In contrast, I watched an experienced mother of eight, and a now grandmother of a multitude, simply notice casually, a young grandchild making its oral presence felt towards what was probably going to turn out to be a very unpleasant tasting or possibly mildly poisonous pot plant. Without disturbing the conversation, or the ambience of the family gathering, the grandmother nonchalantly took a piece of cake from the table, and handed it to the child. She delivered it with only a smile. Now this looked a much more interesting assignment for the child who grabbed the icing smothered cake with glee. Within moments the mother of the child was starting on the very predictable. “Oh God, the baby is going to make a mess with that cake. I only washed her dress this morning!” The grandmother replied, “Oh it is a pretty dress Dear. Where did you get it? I am sure it will survive a few more washes!”

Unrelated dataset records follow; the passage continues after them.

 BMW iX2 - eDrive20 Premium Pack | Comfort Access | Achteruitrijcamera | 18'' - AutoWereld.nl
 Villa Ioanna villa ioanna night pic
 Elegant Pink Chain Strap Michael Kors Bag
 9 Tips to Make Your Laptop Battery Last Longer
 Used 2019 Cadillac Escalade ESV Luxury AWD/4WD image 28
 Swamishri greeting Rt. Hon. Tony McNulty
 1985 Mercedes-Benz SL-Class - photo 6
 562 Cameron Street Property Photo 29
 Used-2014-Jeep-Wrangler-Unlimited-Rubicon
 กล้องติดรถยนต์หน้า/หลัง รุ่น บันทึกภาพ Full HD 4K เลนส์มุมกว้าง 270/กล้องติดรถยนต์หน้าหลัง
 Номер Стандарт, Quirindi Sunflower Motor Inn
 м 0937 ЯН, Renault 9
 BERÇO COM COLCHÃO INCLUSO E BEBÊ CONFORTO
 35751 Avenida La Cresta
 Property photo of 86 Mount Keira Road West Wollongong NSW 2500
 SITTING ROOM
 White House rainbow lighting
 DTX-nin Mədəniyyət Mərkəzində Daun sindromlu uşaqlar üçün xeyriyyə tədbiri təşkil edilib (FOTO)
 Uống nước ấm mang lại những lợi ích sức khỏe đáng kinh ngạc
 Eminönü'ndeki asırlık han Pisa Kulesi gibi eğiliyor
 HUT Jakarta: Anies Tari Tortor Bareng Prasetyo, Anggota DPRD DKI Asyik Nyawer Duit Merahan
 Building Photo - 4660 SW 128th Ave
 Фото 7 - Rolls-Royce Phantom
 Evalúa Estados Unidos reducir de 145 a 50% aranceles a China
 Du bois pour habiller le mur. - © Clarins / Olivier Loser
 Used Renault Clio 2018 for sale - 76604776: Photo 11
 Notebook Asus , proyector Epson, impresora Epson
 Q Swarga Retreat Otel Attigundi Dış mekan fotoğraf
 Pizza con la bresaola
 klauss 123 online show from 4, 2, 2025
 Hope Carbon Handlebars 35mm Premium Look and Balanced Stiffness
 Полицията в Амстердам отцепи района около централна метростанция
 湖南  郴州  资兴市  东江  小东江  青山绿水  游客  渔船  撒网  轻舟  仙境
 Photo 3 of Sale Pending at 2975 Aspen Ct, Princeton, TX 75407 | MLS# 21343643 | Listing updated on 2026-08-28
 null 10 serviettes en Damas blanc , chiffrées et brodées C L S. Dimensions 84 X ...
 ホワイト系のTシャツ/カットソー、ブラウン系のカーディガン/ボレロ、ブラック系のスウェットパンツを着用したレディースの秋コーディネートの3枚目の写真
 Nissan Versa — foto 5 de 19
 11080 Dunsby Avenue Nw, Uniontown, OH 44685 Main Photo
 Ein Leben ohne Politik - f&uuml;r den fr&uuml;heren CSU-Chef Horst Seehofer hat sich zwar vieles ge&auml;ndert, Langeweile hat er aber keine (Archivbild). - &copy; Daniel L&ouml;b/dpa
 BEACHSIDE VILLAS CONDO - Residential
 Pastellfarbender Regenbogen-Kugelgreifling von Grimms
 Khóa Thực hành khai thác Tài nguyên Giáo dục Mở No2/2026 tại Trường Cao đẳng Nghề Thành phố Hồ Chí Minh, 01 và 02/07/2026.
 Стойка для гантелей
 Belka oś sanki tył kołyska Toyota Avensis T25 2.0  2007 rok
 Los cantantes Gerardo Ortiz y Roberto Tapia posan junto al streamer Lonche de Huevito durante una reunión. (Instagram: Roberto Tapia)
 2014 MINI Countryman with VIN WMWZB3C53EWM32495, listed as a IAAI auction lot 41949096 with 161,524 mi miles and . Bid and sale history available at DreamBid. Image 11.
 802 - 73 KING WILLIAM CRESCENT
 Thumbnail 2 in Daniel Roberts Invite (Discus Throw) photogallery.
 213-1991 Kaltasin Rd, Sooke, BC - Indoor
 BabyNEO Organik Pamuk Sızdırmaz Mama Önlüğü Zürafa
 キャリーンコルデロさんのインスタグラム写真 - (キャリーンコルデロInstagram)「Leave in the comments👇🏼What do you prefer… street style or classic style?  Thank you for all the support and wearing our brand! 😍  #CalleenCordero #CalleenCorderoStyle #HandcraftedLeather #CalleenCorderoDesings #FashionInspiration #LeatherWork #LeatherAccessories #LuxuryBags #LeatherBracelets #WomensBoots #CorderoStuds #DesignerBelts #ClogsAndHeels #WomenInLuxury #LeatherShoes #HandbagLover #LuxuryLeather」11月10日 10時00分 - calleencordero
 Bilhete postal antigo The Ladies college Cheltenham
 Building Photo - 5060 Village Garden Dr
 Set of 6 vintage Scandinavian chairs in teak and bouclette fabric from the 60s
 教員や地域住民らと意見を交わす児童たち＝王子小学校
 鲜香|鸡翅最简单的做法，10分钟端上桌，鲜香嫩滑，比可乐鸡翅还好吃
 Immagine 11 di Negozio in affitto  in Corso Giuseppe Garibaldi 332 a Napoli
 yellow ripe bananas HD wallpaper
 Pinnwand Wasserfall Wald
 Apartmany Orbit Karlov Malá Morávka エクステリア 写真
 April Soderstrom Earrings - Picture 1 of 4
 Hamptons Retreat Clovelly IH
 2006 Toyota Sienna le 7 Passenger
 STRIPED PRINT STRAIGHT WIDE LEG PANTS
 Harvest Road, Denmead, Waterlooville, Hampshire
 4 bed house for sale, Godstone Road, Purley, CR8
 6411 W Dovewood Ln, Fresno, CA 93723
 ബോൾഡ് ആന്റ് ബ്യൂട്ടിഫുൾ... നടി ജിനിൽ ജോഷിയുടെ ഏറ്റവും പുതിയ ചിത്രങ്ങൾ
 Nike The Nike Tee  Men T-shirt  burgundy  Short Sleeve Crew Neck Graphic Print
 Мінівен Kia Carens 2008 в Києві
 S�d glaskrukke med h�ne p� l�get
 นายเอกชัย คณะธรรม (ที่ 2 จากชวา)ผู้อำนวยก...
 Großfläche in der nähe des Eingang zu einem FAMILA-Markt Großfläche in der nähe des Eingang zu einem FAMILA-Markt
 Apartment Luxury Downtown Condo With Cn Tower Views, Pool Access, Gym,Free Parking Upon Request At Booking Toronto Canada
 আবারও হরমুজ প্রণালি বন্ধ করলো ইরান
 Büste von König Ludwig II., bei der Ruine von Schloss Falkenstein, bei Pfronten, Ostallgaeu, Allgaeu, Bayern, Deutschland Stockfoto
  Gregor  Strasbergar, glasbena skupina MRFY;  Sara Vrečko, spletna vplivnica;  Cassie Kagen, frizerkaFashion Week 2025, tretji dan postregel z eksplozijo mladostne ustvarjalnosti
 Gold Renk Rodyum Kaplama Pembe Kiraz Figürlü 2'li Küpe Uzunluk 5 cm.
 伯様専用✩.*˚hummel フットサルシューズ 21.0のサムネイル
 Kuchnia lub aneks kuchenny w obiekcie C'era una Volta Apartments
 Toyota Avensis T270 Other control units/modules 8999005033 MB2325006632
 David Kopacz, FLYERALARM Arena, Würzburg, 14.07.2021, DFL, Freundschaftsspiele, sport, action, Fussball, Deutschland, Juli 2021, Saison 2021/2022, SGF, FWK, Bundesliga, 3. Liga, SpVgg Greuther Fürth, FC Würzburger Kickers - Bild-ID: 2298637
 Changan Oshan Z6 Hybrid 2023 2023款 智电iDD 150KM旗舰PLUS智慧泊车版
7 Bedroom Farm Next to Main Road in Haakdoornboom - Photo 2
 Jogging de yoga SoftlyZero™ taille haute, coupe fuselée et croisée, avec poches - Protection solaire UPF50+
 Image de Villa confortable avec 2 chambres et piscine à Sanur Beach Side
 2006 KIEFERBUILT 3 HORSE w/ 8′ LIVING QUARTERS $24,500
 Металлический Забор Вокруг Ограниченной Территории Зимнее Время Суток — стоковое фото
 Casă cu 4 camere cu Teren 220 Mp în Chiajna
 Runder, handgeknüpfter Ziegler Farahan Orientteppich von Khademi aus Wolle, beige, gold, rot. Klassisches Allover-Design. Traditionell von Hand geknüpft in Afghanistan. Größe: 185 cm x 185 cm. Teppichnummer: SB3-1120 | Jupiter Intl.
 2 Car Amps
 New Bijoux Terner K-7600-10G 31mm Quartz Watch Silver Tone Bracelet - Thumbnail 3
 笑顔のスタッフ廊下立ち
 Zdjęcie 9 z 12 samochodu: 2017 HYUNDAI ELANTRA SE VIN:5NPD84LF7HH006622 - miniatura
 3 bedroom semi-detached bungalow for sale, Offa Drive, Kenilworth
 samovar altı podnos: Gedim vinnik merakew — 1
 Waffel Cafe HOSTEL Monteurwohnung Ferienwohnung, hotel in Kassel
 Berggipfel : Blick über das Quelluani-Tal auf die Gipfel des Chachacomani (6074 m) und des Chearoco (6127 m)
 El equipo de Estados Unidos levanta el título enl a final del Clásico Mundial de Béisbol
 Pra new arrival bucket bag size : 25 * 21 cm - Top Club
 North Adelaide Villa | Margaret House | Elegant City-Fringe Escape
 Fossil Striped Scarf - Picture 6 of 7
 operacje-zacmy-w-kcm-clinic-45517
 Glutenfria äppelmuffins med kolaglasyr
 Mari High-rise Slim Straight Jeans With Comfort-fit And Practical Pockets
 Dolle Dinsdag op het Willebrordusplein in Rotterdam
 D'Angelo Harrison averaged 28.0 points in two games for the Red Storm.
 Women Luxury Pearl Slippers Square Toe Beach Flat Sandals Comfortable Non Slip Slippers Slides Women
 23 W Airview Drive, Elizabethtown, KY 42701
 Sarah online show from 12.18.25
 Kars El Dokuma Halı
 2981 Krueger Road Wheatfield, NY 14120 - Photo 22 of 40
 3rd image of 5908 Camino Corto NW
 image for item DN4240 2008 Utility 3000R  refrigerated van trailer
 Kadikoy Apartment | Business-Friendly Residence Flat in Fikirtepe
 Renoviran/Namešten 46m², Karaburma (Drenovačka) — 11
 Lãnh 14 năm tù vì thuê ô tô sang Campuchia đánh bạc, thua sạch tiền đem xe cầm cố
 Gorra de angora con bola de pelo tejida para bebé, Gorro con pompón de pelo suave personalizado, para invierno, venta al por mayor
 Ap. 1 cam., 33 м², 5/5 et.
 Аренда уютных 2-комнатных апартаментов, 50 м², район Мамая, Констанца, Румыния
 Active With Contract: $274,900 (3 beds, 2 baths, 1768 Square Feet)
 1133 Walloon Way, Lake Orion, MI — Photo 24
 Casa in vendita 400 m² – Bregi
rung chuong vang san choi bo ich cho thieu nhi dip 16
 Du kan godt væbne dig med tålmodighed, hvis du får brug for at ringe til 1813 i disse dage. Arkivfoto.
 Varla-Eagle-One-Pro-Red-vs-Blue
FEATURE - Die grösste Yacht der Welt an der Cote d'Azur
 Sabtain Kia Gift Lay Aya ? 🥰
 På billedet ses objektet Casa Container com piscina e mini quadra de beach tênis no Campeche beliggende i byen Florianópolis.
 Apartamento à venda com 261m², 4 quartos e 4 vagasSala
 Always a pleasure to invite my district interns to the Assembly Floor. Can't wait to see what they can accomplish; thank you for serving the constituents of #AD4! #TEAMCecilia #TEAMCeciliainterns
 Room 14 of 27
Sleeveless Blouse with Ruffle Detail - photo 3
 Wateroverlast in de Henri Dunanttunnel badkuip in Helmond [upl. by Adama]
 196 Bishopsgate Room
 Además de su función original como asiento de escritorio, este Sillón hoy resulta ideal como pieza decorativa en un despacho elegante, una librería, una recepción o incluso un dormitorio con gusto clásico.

As all of us who have been parents know, there is very little preparation for becoming a parent. For many of us, if not most, it comes upon us rather suddenly. Even for those of us that may have planned well ahead. The day that first baby arrives home; life becomes one very steep learning curve. As usual, typical of our species, we just have to find out for ourselves. How vividly I remember the mother of my children reproaching her mother for unsolicited advice. Don’t we all know everything? And what we do not know, we would prefer to find out for ourselves.
If you are searching for a point to my rambling so far, I am happy to enlighten you. I would also say that you are very impatient, as I believe this is only page fifteen! I bow to your want of an explanation however. My point so far is this. As often as we ask questions, and just as often as we are displeased with the answers, in the end what we really want is to find out for ourselves.
3 Please feel free at this stage, to put down the book, look inquiringly at your spouse or relative or whoever may be sitting next to you watching television, and ask this question. “Is there anything you do not know that you would like to know?” If the answer is any more high brow than, “Yeah, this weeks winning lotto numbers.”, you are sitting next to an intellectual, otherwise, I shall rest on my point.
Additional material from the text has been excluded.